▸ Records contained in a dataset:
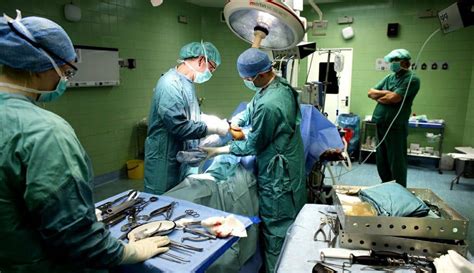 Combien Gagne Un Chirurgien Orthopédiste Par Mois - Salaire chirurgien : combien gagne un chirurgien en 2021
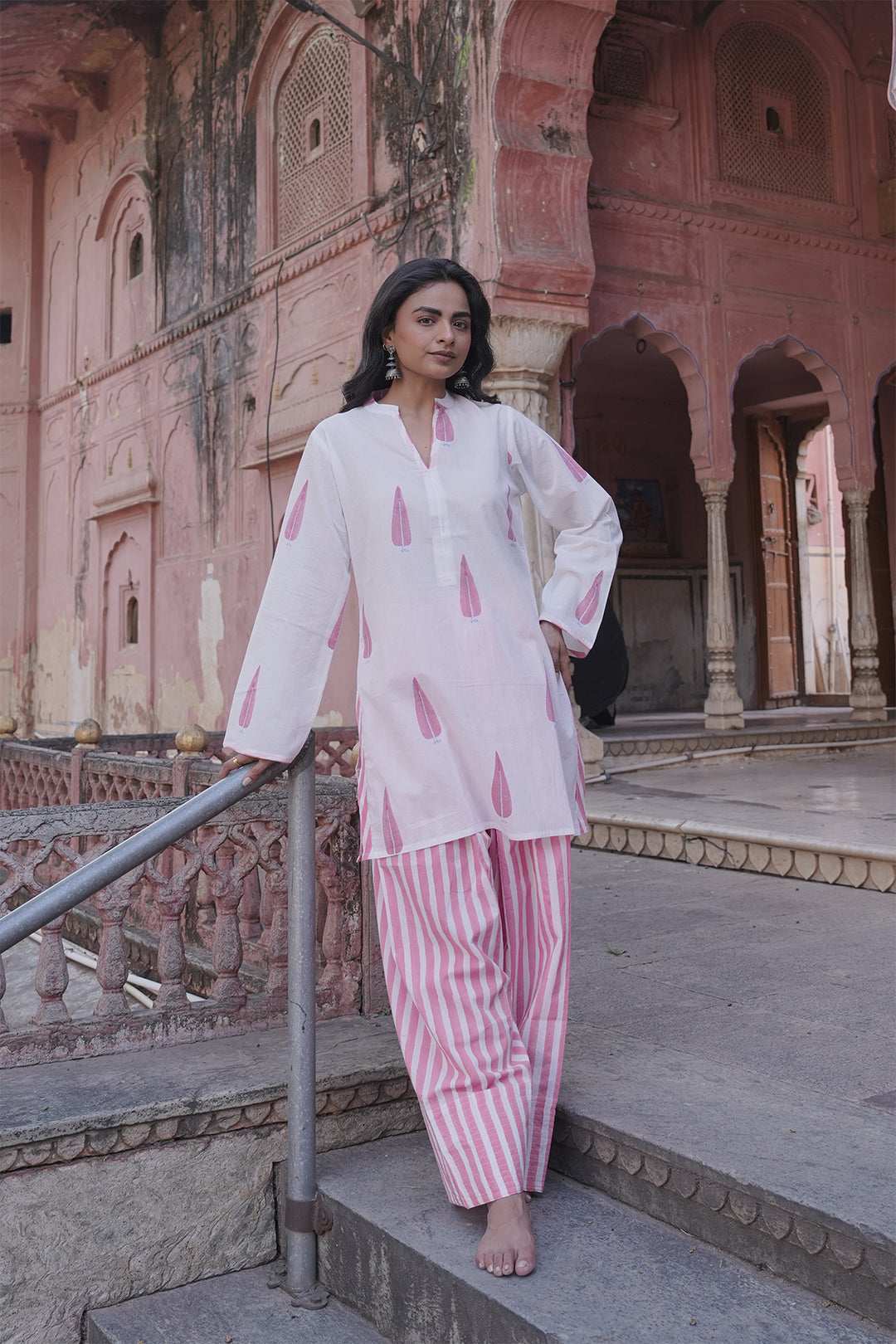 Safaid White Kurta with Pink Farshi Salwar Set of 2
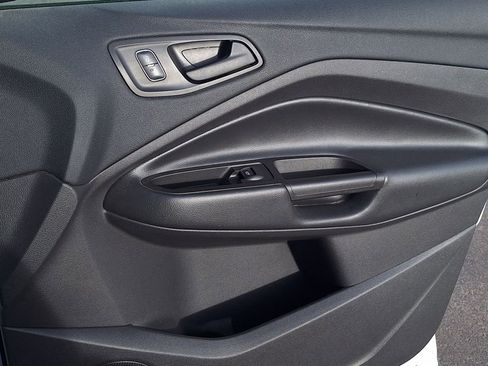 Used 2017 Ford Escape S image 25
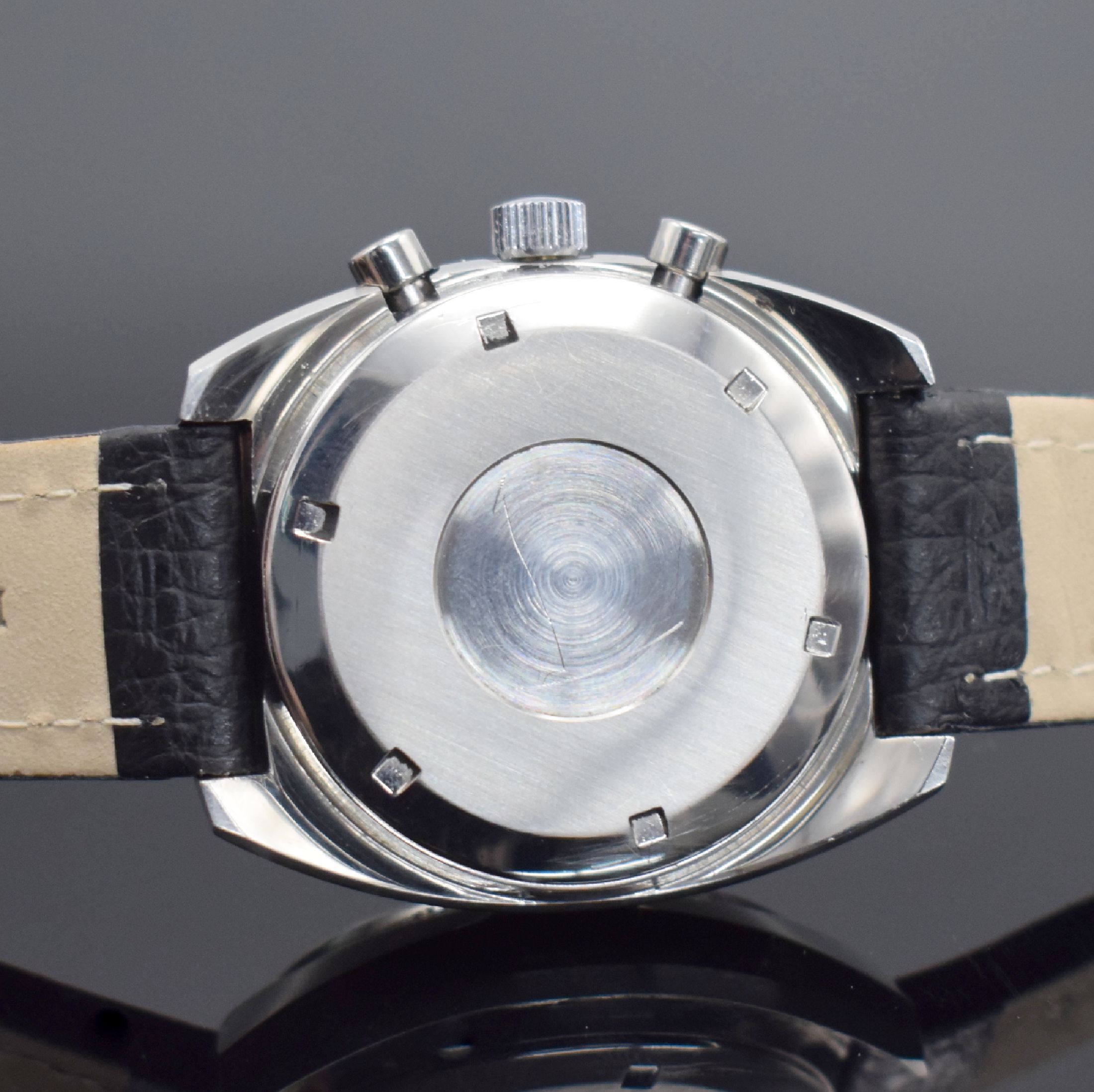 Detail c: ENICAR Grapho-Matic Herrenarmbanduhr mit Chronograph in Stahl, Schweiz 1970er Jahre, Automatik, Boden verschr., blaues Zifferbl. m. aufges. ...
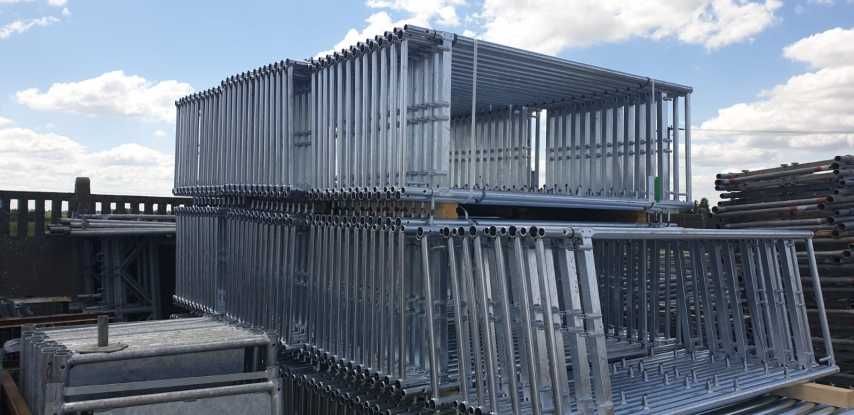 Wynajem rusztowania rusztowanie plettac fasadowe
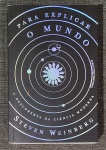Livro. Biblioteca José Roberto Teixeira Leite. PARA EXPLICAR O MUNDO / A DESCOBERTA DA CIENCIA MODERNA, de Steven Weinberg. São Paulo, Companhia das Letras, 2015. 494 págs.,  21 x 13,8 cm. Em perfeito estado. O autor, Prêmio Nobel de Física, traça com elegância e evidente conhecimento uma história da ciência desde a Grécia Antiga aos tempos modernos, detendo-se  na contribuição de Aristóteles, Arquimedes, Euclides, Copérnico, Galileo, Kepler, Newton, Descartes, Einstein e muitíssimos outros.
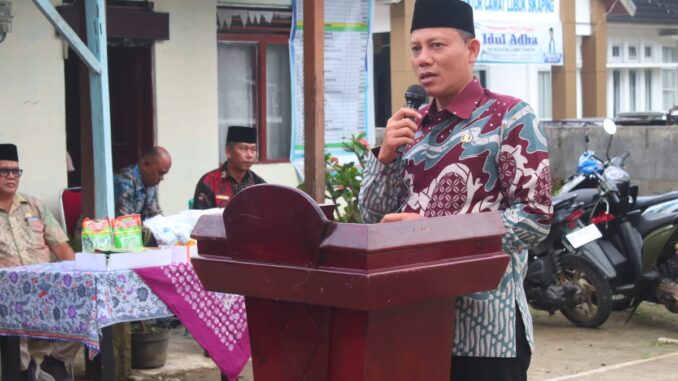 Sabar AS saat menyerahkan bibit ketahanan pangan di Nagari Aia Manggih Utara.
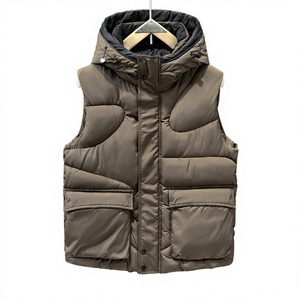 Chaleco Acolchado con Capucha para Hombre, Color Sólido, Poliéster, Cortavientos, Invierno, Sin Mangas, con Bolsillos, Cierre de Cremallera y Botones, Estilo Puffer - Product Image 4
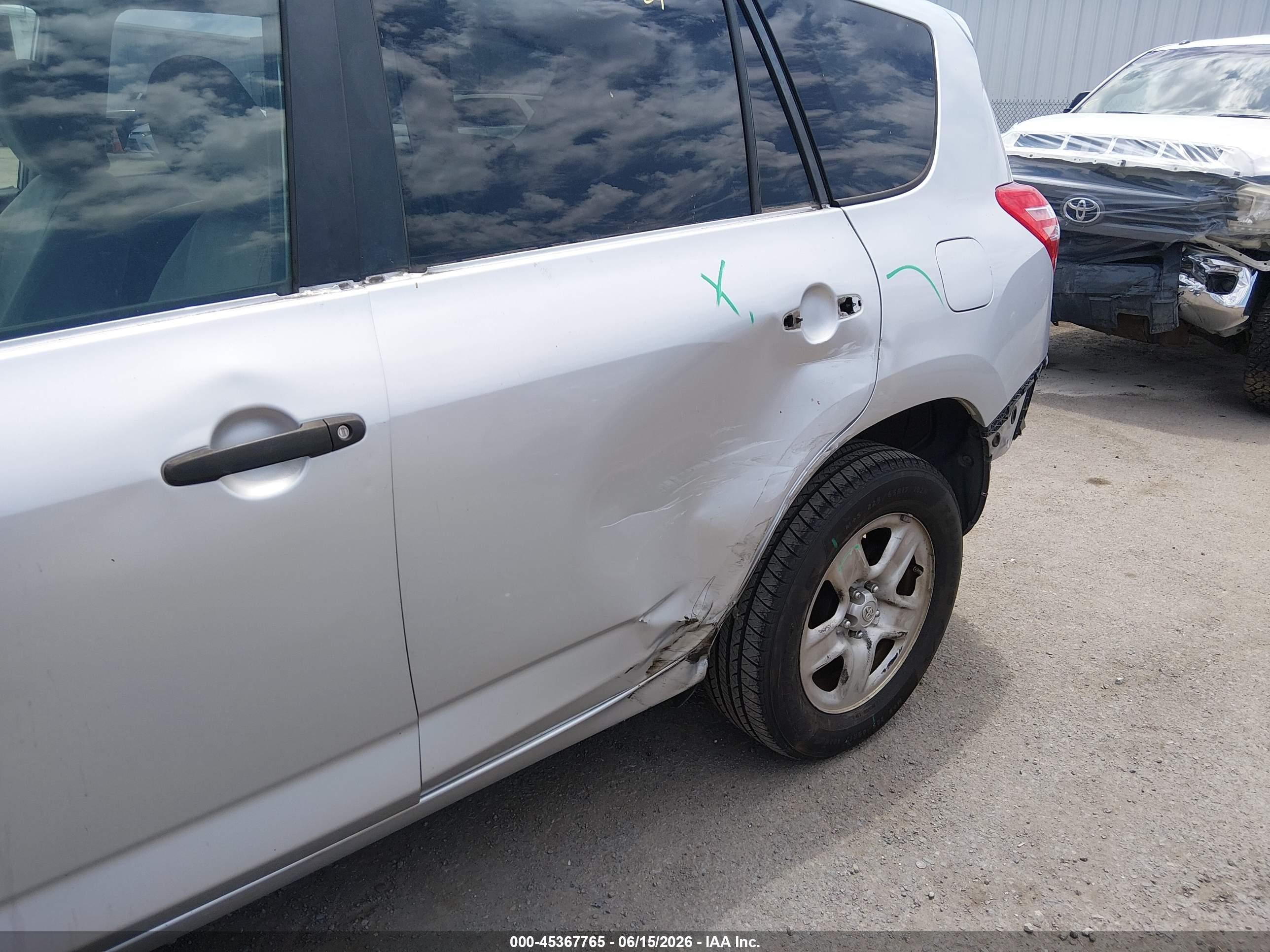 2010 Toyota Rav4 Silver vin: JTMZF4DV7AD019965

▸ EXERCISE OBJECTIVE: Images are to be excluded, and each record above written out word for word.

▸ OUTPUT OF THE TASK:
 Combien Gagne Un Chirurgien Orthopédiste Par Mois - Salaire chirurgien : combien gagne un chirurgien en 2021
 Safaid White Kurta with Pink Farshi Salwar Set of 2
 Used 2017 Ford Escape S image 25
 Detail c: ENICAR Grapho-Matic Herrenarmbanduhr mit Chronograph in Stahl, Schweiz 1970er Jahre, Automatik, Boden verschr., blaues Zifferbl. m. aufges. ...
 Wynajem rusztowania rusztowanie plettac fasadowe
Livro. Biblioteca José Roberto Teixeira Leite. PARA EXPLICAR O MUNDO / A DESCOBERTA DA CIENCIA MODERNA, de Steven Weinberg. São Paulo, Companhia das Letras, 2015. 494 págs.,  21 x 13,8 cm. Em perfeito estado. O autor, Prêmio Nobel de Física, traça com elegância e evidente conhecimento uma história da ciência desde a Grécia Antiga aos tempos modernos, detendo-se  na contribuição de Aristóteles, Arquimedes, Euclides, Copérnico, Galileo, Kepler, Newton, Descartes, Einstein e muitíssimos outros.
 Sabar AS saat menyerahkan bibit ketahanan pangan di Nagari Aia Manggih Utara.
 Chaleco Acolchado con Capucha para Hombre, Color Sólido, Poliéster, Cortavientos, Invierno, Sin Mangas, con Bolsillos, Cierre de Cremallera y Botones, Estilo Puffer - Product Image 4
 2010 Toyota Rav4 Silver vin: JTMZF4DV7AD019965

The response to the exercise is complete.